AIM OF THE EXERCISE =>
Please restate all of the records word for word, setting the pictures aside.
(DATA UNDER STUDY begins)
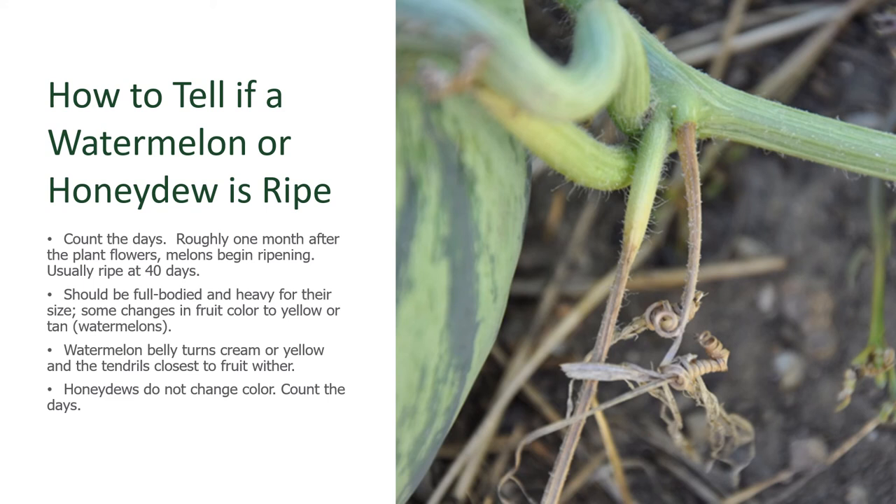But honeydews don't do this, and if you're not sure about the watermelon either, the one surefire way is to count the days from when the flower closes and the fruit begins to size up. Roughly 40 days after that flower has closed, your melon is ripe. So pick your honeydew and your watermelons at that time.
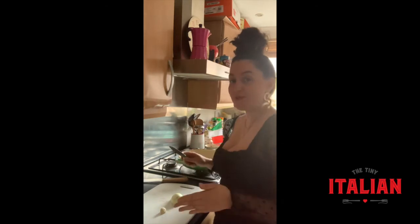First I'm going to finely chop up my garlic and my onion. As it's only me, I'm doing half the recipe that's on my website, so I'm going to use half an onion and one garlic clove.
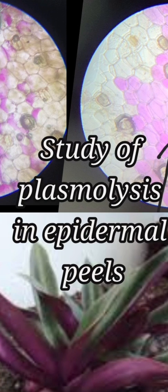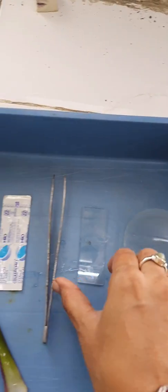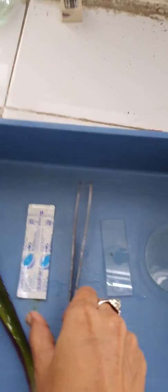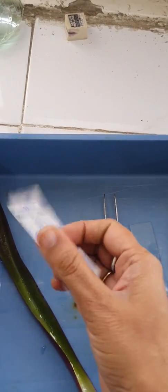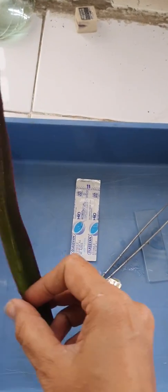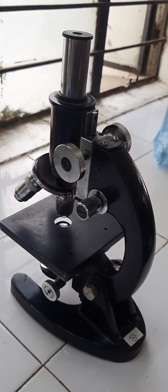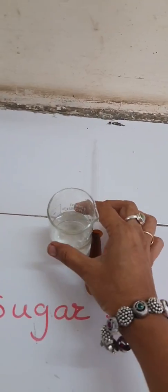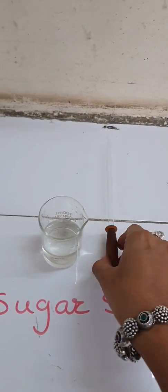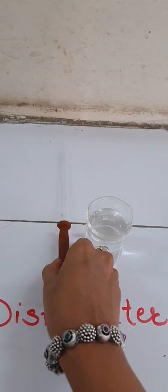Hello students, we are going to start the experiment study of plasmolysis in epidermal peels, for which we require a watch glass, slide and cover sleeve, forceps, blade, fresh leaf of Tradescantia, compound microscope, concentrated sugar solution which is called hypertonic solution, distilled water which is called hypotonic solution, and a dropper.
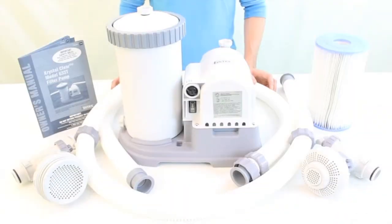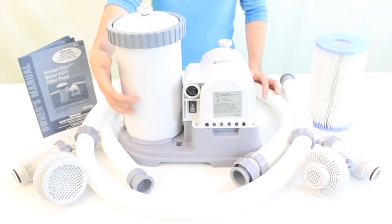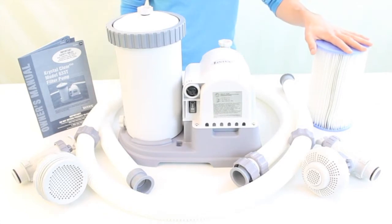Pool filters and pumps are crucial pieces of equipment for above-ground pool owners. They help keep pool water clean and free from debris, thus maintaining a healthier and enjoyable swimming environment. Pumps circulate the water by driving it through the filtration system, while filters trap and prevent the debris from returning into the pool.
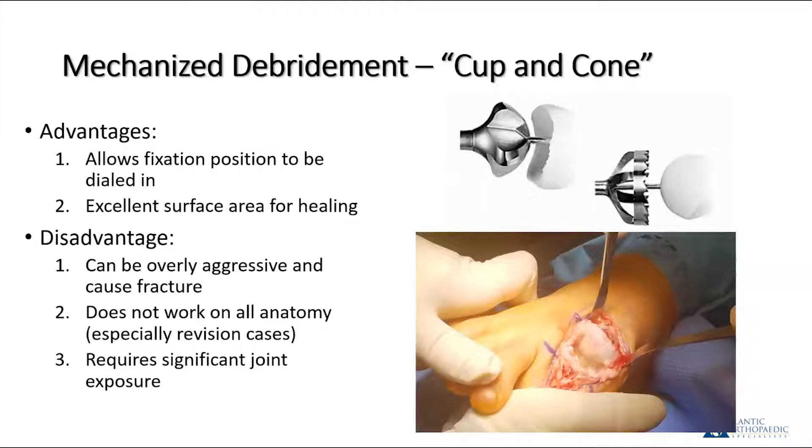It's not perfect. You have to be careful, especially in osteoporotic bone — you can be overly aggressive and cause fracture. I distinctly remember being overly aggressive on a proximal phalanx reaming and fracturing it into dozens of pieces. The cup and cone reamer system also doesn't always work on anatomy, especially in revision cases where the joint is flat — you're often better off with a flat cut. In certain revision cases, there's a lot of scar tissue and the soft tissue envelope is inadequate to allow you to hyper plantar flex the toe and shotgun it open for exposure to the phalanx side.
(DATA UNDER STUDY ends)
ANSWER SPACE =>
But honeydews don't do this, and if you're not sure about the watermelon either, the one surefire way is to count the days from when the flower closes and the fruit begins to size up. Roughly 40 days after that flower has closed, your melon is ripe. So pick your honeydew and your watermelons at that time.
First I'm going to finely chop up my garlic and my onion. As it's only me, I'm doing half the recipe that's on my website, so I'm going to use half an onion and one garlic clove.
Hello students, we are going to start the experiment study of plasmolysis in epidermal peels, for which we require a watch glass, slide and cover sleeve, forceps, blade, fresh leaf of Tradescantia, compound microscope, concentrated sugar solution which is called hypertonic solution, distilled water which is called hypotonic solution, and a dropper.
Pool filters and pumps are crucial pieces of equipment for above-ground pool owners. They help keep pool water clean and free from debris, thus maintaining a healthier and enjoyable swimming environment. Pumps circulate the water by driving it through the filtration system, while filters trap and prevent the debris from returning into the pool.
It's not perfect. You have to be careful, especially in osteoporotic bone — you can be overly aggressive and cause fracture. I distinctly remember being overly aggressive on a proximal phalanx reaming and fracturing it into dozens of pieces. The cup and cone reamer system also doesn't always work on anatomy, especially in revision cases where the joint is flat — you're often better off with a flat cut. In certain revision cases, there's a lot of scar tissue and the soft tissue envelope is inadequate to allow you to hyper plantar flex the toe and shotgun it open for exposure to the phalanx side.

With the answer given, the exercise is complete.